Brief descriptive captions

--

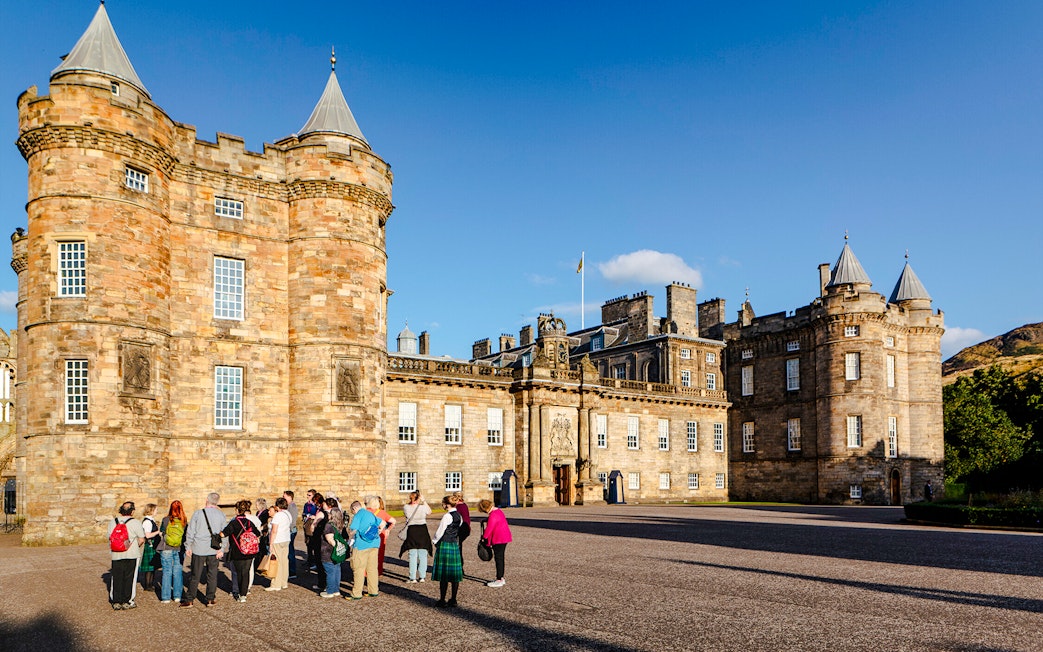 Tour group gathered outside the Palace of Holyroodhouse, Edinburgh.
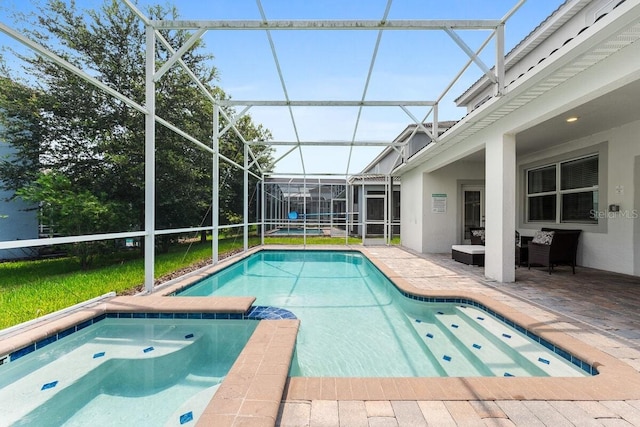 view of pool featuring glass enclosure and a patio area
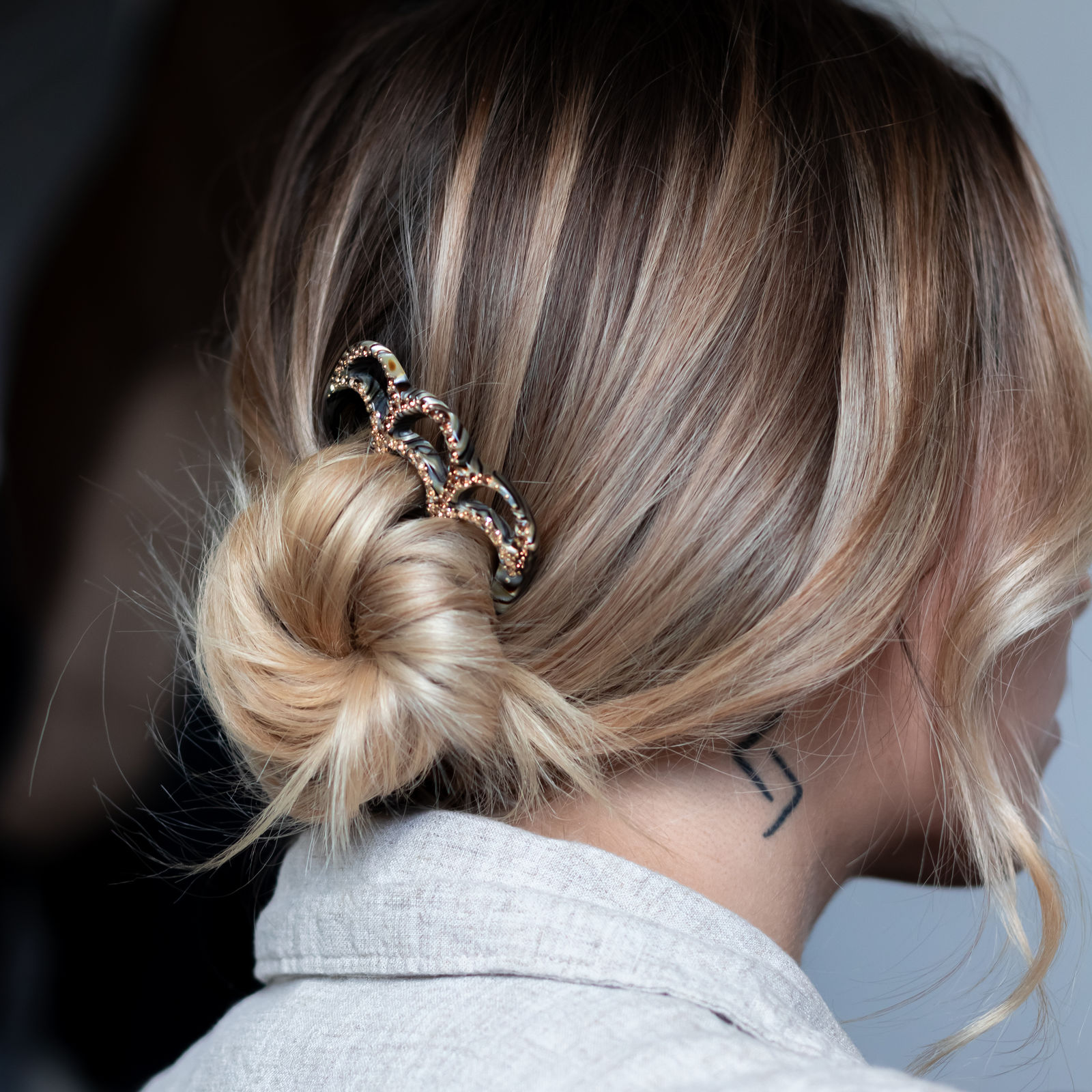 Folded ponytail with jewel clip, trendy hairstyle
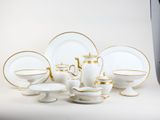 a lot of white and gold plates and cups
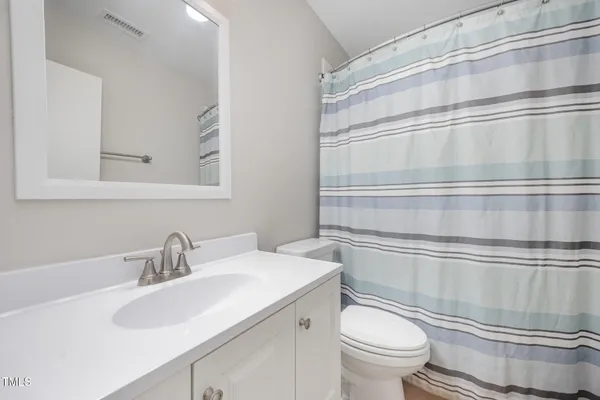 a bathroom with a sink toilet and vanity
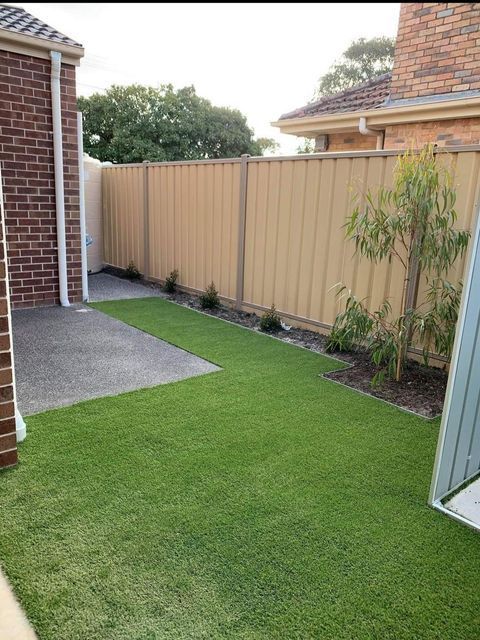 Backyard with artificial green turf, concrete, beige fence, and small plants.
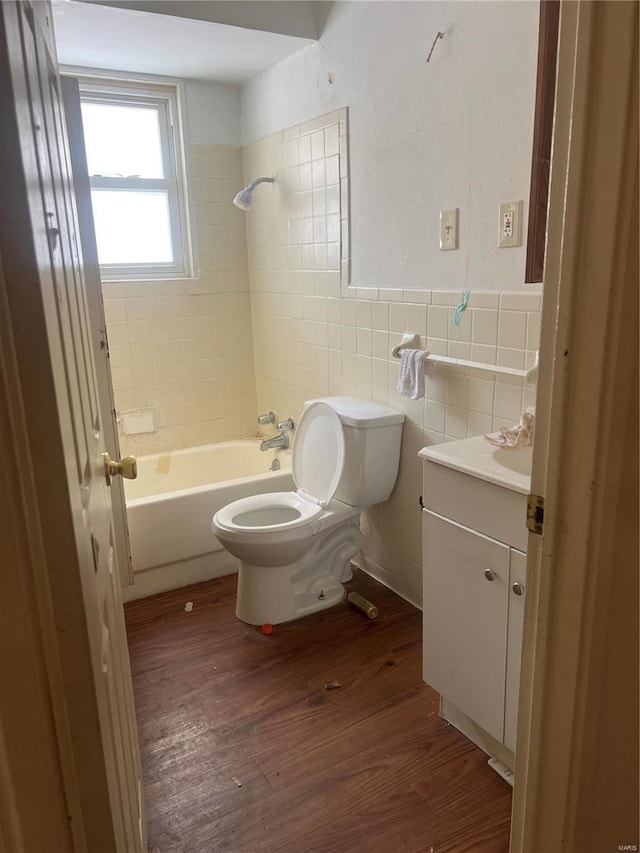 full bathroom featuring toilet, tiled shower / bath combo, hardwood / wood-style floors, tile walls, and vanity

--

To do:
Nothing but the lines from the one holding "view of pool" through the last line of the entries should be written out, exactly and inclusively, minus the pictures.

Exercise response:
 view of pool featuring glass enclosure and a patio area
 Folded ponytail with jewel clip, trendy hairstyle
 a lot of white and gold plates and cups
 a bathroom with a sink toilet and vanity
 Backyard with artificial green turf, concrete, beige fence, and small plants.
 full bathroom featuring toilet, tiled shower / bath combo, hardwood / wood-style floors, tile walls, and vanity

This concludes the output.